En revanche, si vous avez dépassé la barre des douze-quinze ans, votre vision sera certainement autre. Le grand Totoro sera toujours bien présent, les noiraudes grouillantes aussi mais l’univers fantastique du film vous sera plus visible. Cette rencontre entre le doudou et les fillettes vous apparaîtra probablement comme un récit d’apprentissage ou comme une réflexion sur la force consolatrice de l’imaginaire. Le tunnel de verdure qu’emprunte la petite Mei pour rejoindre le monde sous-terrain et merveilleux de Totoro deviendra, probablement, un cocon réparateur pour l’enfant qui viendra s’y lover.

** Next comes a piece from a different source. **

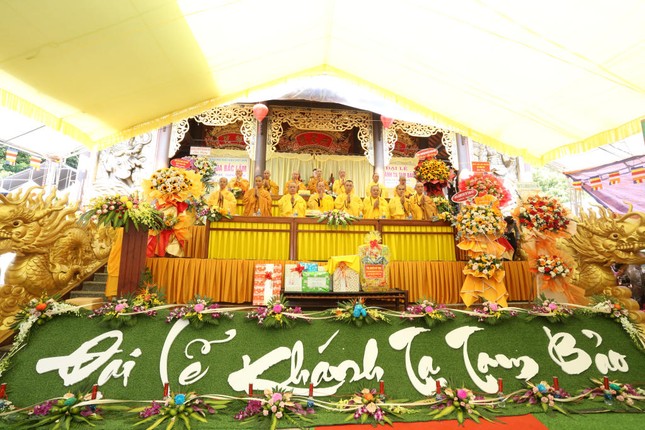 Chư tôn đức chứng minh, tham dự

On a parfois reproché aux films dits « jeunes publics » de n’être que de petits objets inoffensifs, naïfs, débonnaires à l’image de leurs jeunes héros. Il y a indubitablement chez Miyazaki une utopie de l’enfance qu’il filme comme l’âge le plus clairvoyant de la vie, celui où le regard est le mieux ajusté, le plus ouvert, capable de saisir dans un même élan les commissures du réel et leurs revers fantasmés. Si l’enfance est ici le parfait moyen pour aborder les doutes de l’existence, la peur de l’abandon et la foi dans l’imaginaire, Mon Voisin Totoro est loin d’être réservé aux plus petits et le film existe à la fois avec et sans adultes.
La force et la virtuosité de Mon Voisin Totoro est de faire coexister ces deux regards, de les confronter, de les mélanger et même de les mettre en scène par l’intermédiaire des personnages adultes. « Ces bestioles se plaisent bien dans les vieilles maisons vides et humides, elles se font des petits nids invisibles et transforment tout en poussière. Moi aussi j’en voyais souvent quand j’étais petite fille et je suis heureuse de savoir que vous avez la chance de les voir » dira la vielle voisine émue à Satsuki et Mei qui viennent lui faire part de leur découverte.